📄
Abstract - CleanCodec: Efficient and Robust Speech Tokenization via Perceptually Guided Encoding
Neural audio codecs are a key component of speech processing pipelines, compressing audio into discrete tokens for downstream modeling. However, existing codecs struggle to balance reconstruction quality with token efficiency, often encoding perceptually irrelevant information such as background noise and recording artifacts at the expense of linguistically and acoustically meaningful content. We reframe audio tokenization as a selective information bottleneck problem and propose CleanCodec, a denoising audio codec which learns to encode only perceptually important features and discard imperceptible information.

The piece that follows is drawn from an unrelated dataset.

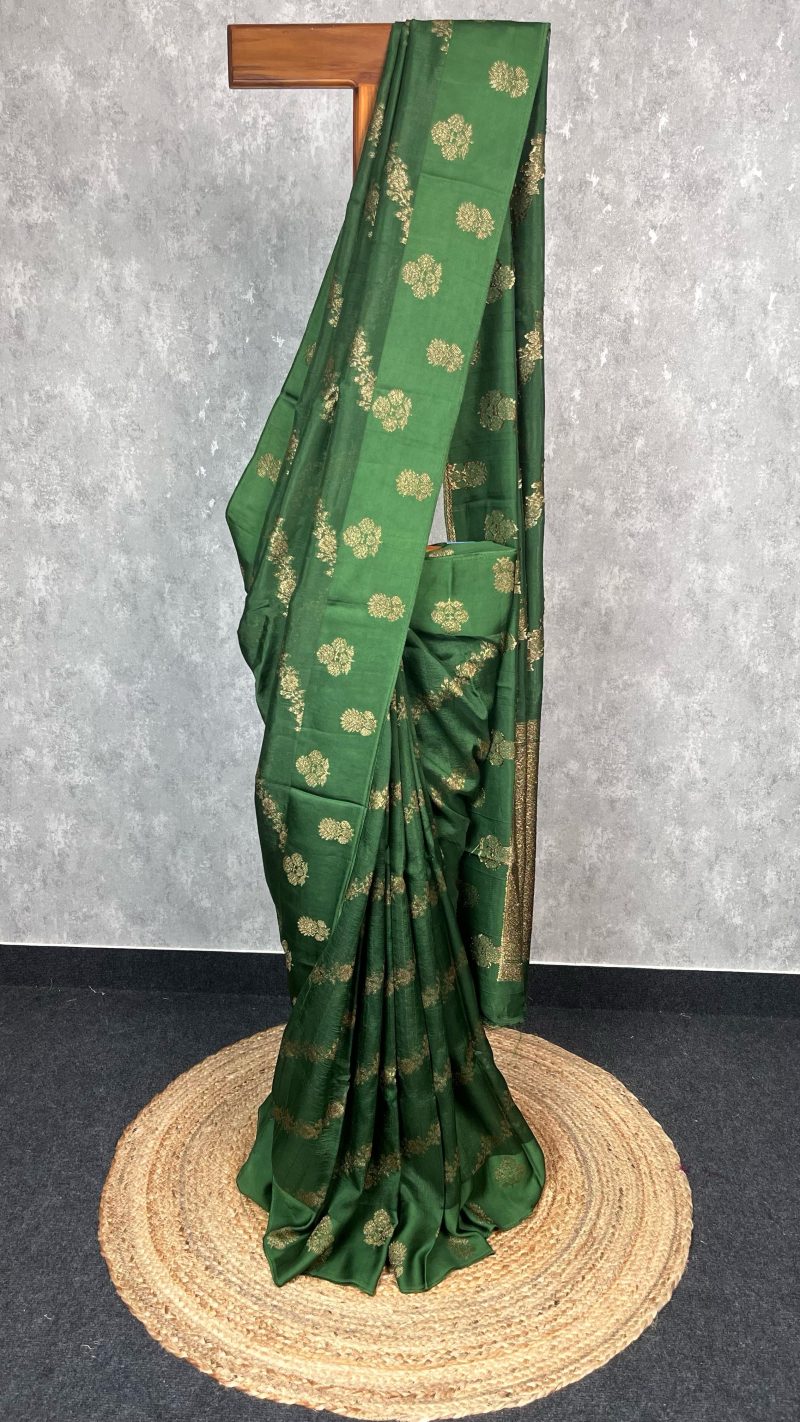 SEMI TUSSAR RAW SILK BANARASI SAREE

At just 12.5 tokens per second, CleanCodec achieves state-of-the-art tokenization efficiency, substantially outperforming existing codecs in speaker similarity and speech intelligibility. Evaluations on downstream text-to-speech and voice conversion tasks further demonstrate improved performance and up to 17x faster inference, highlighting significant efficiency gains.
CleanCodec:通过感知引导编码实现高效且鲁棒的语音分词化 /
CleanCodec: Efficient and Robust Speech Tokenization via Perceptually Guided Encoding
1️⃣ 一句话总结
本文提出了一种名为CleanCodec的新型语音编解码器,它像一个智能过滤器,只提取语音中对人耳重要的关键信息(如说话人特征和语音清晰度),同时自动忽略背景噪音等无关信息,从而在极低的数据速率下实现更高效、更准确的语音重建,并大幅提升了后续语音合成任务的运行速度。